Problem to solve
Where the material below has a line containing "275 Wake Forest Road", start repeating exactly, and keep going through the line containing "Women’s/Teen Burnt Orange", with no other lines.

Available records

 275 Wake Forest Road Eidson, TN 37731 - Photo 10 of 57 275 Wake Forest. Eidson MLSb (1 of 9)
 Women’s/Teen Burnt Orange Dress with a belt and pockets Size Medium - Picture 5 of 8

...

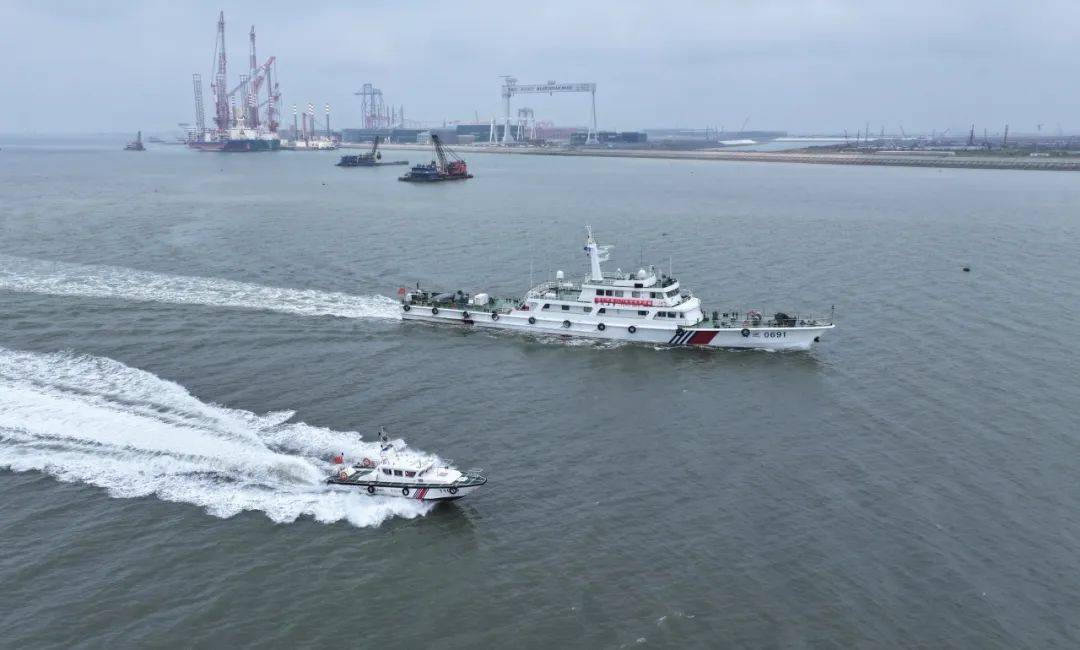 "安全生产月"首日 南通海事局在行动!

---

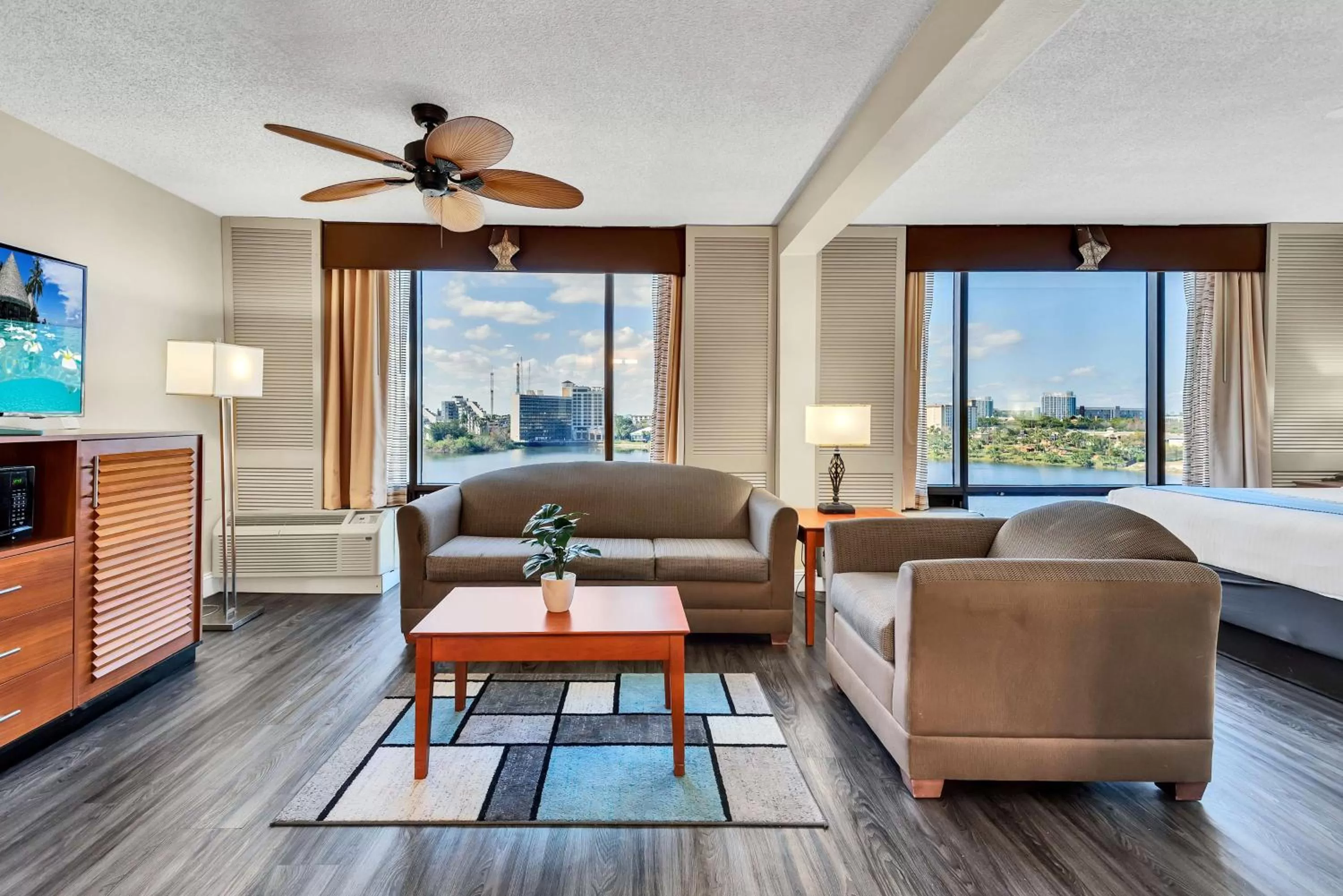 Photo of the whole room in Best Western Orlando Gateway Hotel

Result of this exercise
 275 Wake Forest Road Eidson, TN 37731 - Photo 10 of 57 275 Wake Forest. Eidson MLSb (1 of 9)
 Women’s/Teen Burnt Orange Dress with a belt and pockets Size Medium - Picture 5 of 8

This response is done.